Cattle are prone to heartwater when young home-bred calves are exposed to heavy Amblyomma tick presence at the start of the spring rains, or when susceptible young animals are brought into a farm where heartwater is endemic.
Regular dipping at set intervals, as well as vaccination, can be used to prevent the disease. Start treating the animal with an antibiotic containing oxytetracycline as soon as the disease has been diagnosed and give supportive treatments to help the recovery process.
A short series of injections of Terramycin/LA may provide cover against the disease during the first month of exposure to ticks and may render the cattle immune to further infections.
Contact the local veterinarian or veterinary extension officers to confirm the disease, to provide a prognosis and to suggest treatment protocols.
Lifecycle of the bont tick
To understand the disease, it is important to take note of the bont tick’s life cycle and the role it plays in the spread of the disease.
Amblyomma hebraeum is known as the bont tick because of the brightly coloured pattern on the scutum or shield on the back and the banded or striped legs. Bont ticks are large ticks with long mouthparts.
The bont tick gets infected when it feeds on infected or carrier animals and then transmits the disease to a susceptible animal when they feed on the next host.
The bont tick is a three-host tick, which means the larvae, nymph and adult stages attach to different animals. In favourable conditions, the lifecycle can be completed within one year, otherwise, it can stretch over three years.
The female ticks lay up to 18,000 eggs. These can take up to five months to hatch into larvae, which is the first active stage. The larvae attach to the host and feed for seven to fourteen days before they turn into the nymphal stage.
After moulting, the nymphs may remain inactive for some months before attaching to a host. They feed for seven to fourteen days and once engorged, drop off the host animal to change into adult ticks.
The adults attach to their preferred hosts and feed for about seven to nine days, before dropping off and start laying eggs.
Bont tick attachment sites
- The larvae, nymphs and adults attach to different areas on the animal.
- The larvae attach to the animal’s feet, legs, muzzle, and head.
- The nymphs attach to the feet, legs, groin, and neck.
- The adult ticks attach in clusters on the hairless parts of the body underline, the groin, axillary cavity, dewlap, belly, perineum, and peri-anal region.
With heavy infestations, the bites inflicted with the long mouthparts can cause wounds which may develop secondary bacterial infection. Sometimes the wounds become infested with cattle blowflies or maggots.

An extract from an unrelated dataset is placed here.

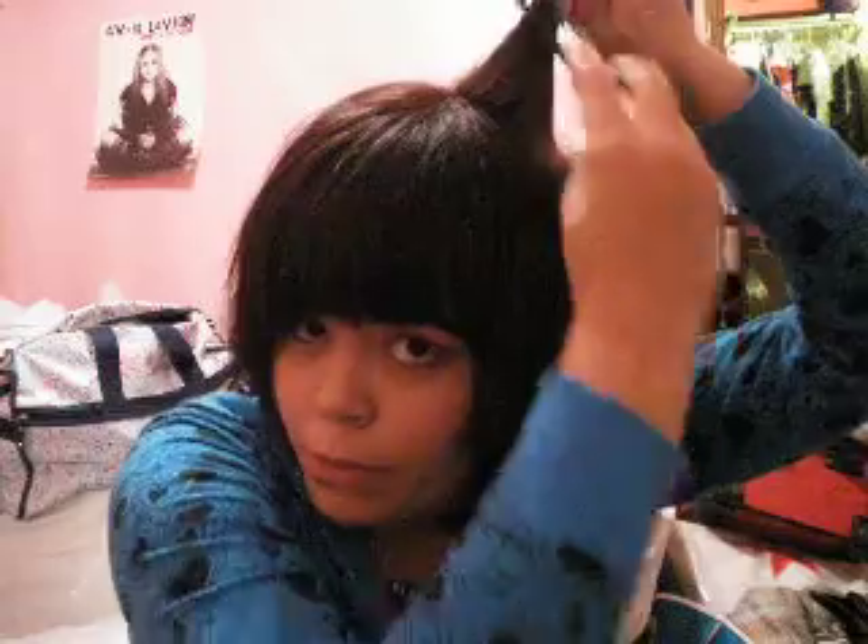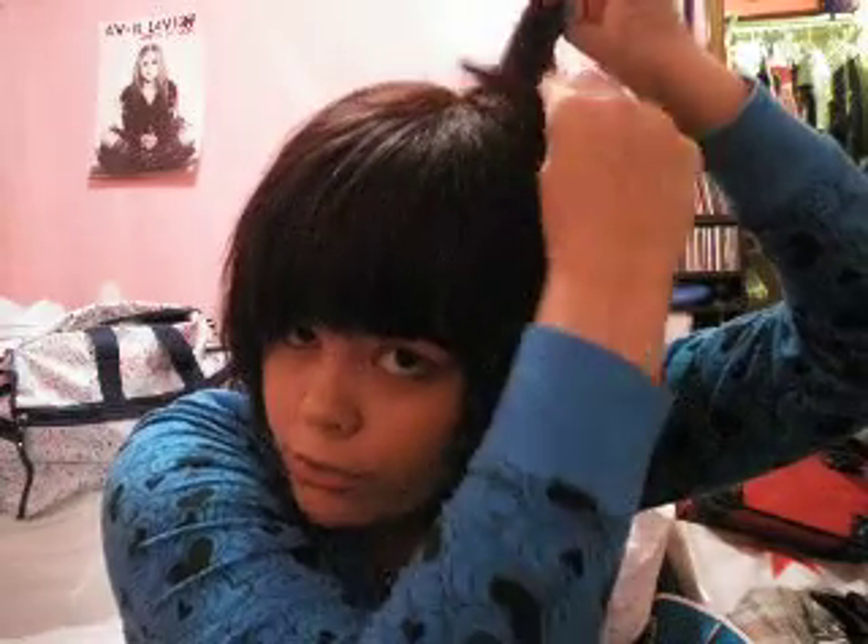First things first: backcombing. If you guys don't know how to do that, it's simple enough — you take your hair like this, you spray some hairspray right here, and you take your comb back and forth for a little bit, and then it makes it stick up. And it looks something like that. Can you notice the difference? And I didn't even use hairspray. So if you use hairspray, it's going to be even bigger than that.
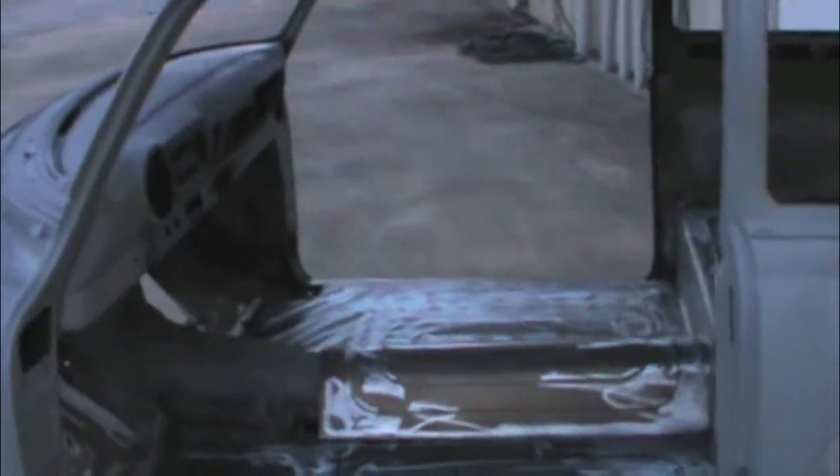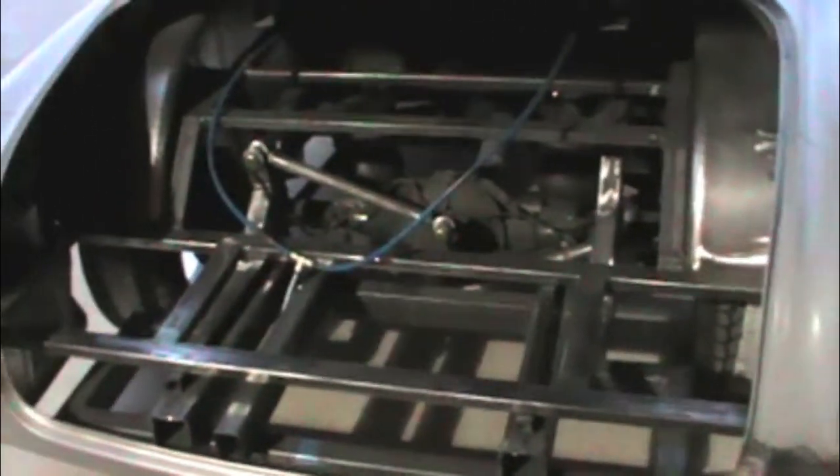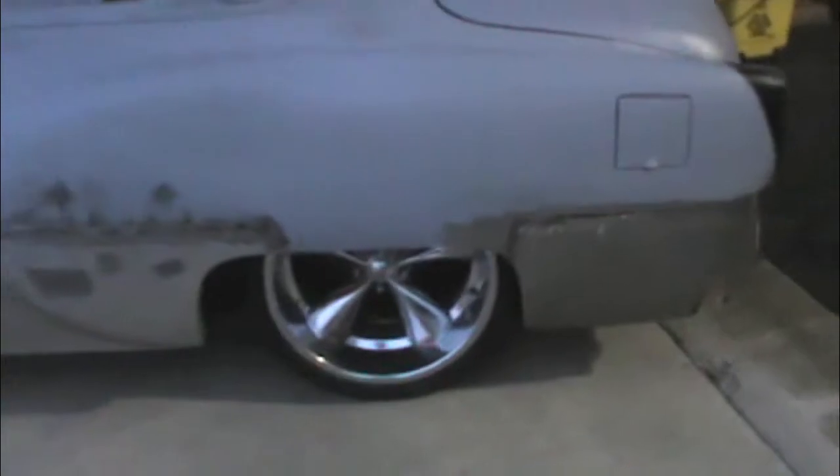Now I'm going to move around to the trunk. Next time, this trunk should be done and you won't see any of this anymore. Got the new piece on the back and all the panels welded in.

Bont ticks occur throughout the year. Dip animals strategically and frequently to reduce the tick infestation. Spot treatment can be used by spraying only the sites on the body where ticks usually attach.
In peak seasons, dipping intervals need to be increased to reduce tick numbers. Use a 5,5,4-day dipping interval strategy when there are many ticks.
The bont tick also transmits the single-celled protozoan that causes benign theileriosis in cattle and Rickettsia conori and Rickettsia africae that cause tick-bite fever in humans.